More than 116 years later, Blom still got around with the help of his cane. On warm days he would sit outside his home in the Delft neighborhood of Cape Town, South Africa, and smoke his beloved cigarettes.
“I have lived this long because of God’s grace,” Blom told Agence France-Presse on his birthday in May 2020. About three months later, however, Blom’s long life came to an end by natural causes.
Blom was born in 1904 in Adelaide, a rural hamlet in South Africa’s Eastern Cape province. At the time of Blom’s most recent birthday, a 112-year-old British man had been officially certified as the world’s oldest man by Guinness World Records. Blom’s age had not been verified by Guinness.
He has the distinction of being alive for two notorious global pandemics, the first being the so-called Spanish flu of 1918. That flu wiped out his entire family.
Even so, COVID-19 didn’t give Blom reason for panic. He took the latest pandemic in stride. He did confess consternation at one of South Africa’s pandemic lockdown provisions: a ban on cigarette sales. The government later eased up on tobacco sales, which helped him realize his birthday wish.

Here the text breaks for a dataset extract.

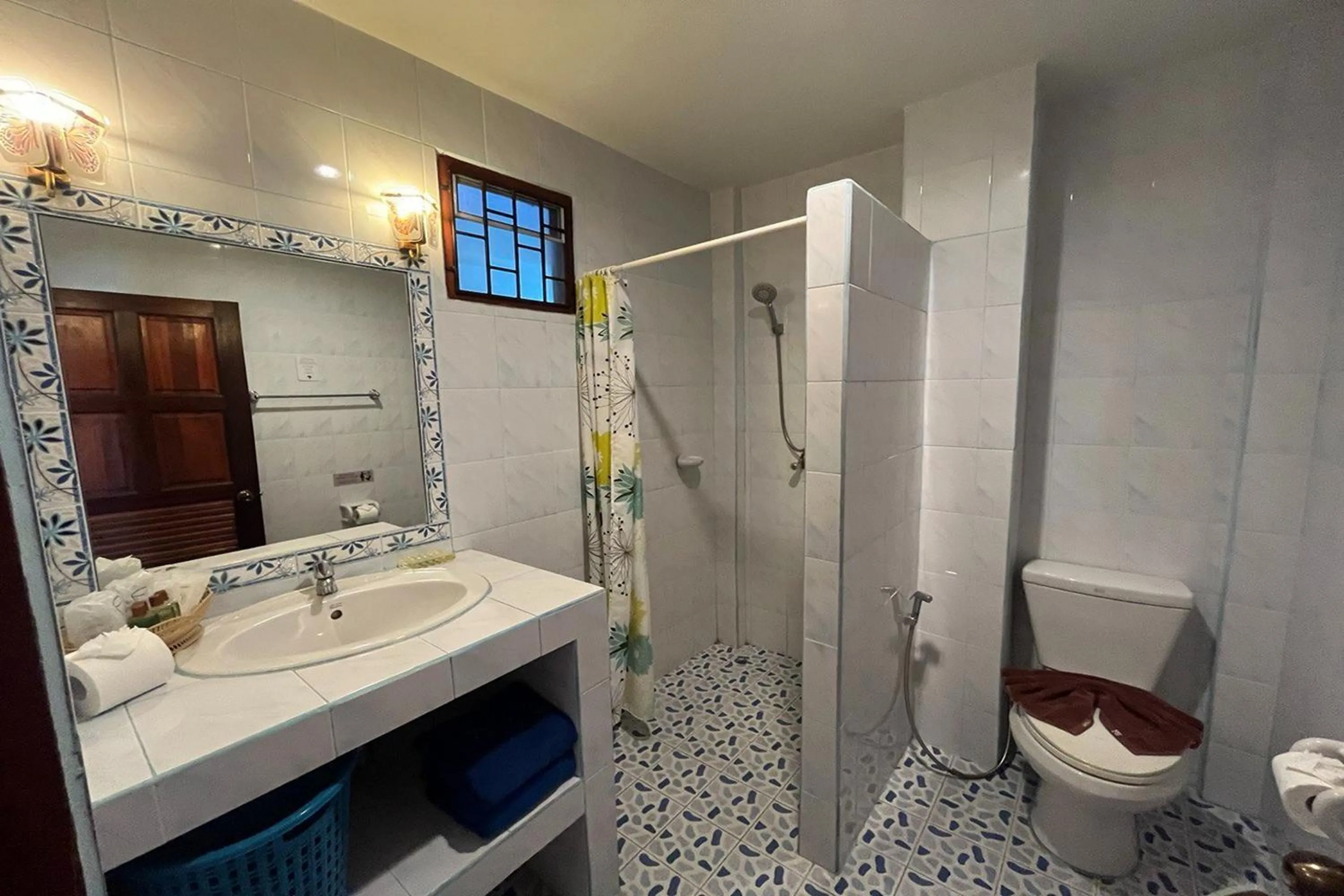 Bathroom in Ginis Beach Resort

As his family celebrated his birthday, Blom — known affectionately as “Oupa,” which means grandfather — walked outside his home to sit in a wooden easy chair. His stepdaughter squirted his hands with sanitizer. His wife, Jeanette, soon joined him there. The two were married 46 years.
Local children and his wife’s grandchildren serenaded him with a birthday song and enjoyed a hot plate of food provided by Blom’s family.
Blom hadn’t seen a doctor in more than two years before his death. He said he was tired of being pricked and prodded.
Blom never had children, but he adopted Jeanette’s from a previous marriage. “He has done everything for us,” his stepdaughter, Jasmien Toerien, said in May. “He would wake up at three or four in the morning to cycle to work. He loves animals and gardening.”
His long life came to an end suddenly. On August 22, 2020, Blom died of natural causes at Tygerberg Hospital in Cape Town. Two weeks before his death, he “was still chopping wood,” family spokesman Andre Naidoo told Agence France-Press. “He was a strong man, full of pride.”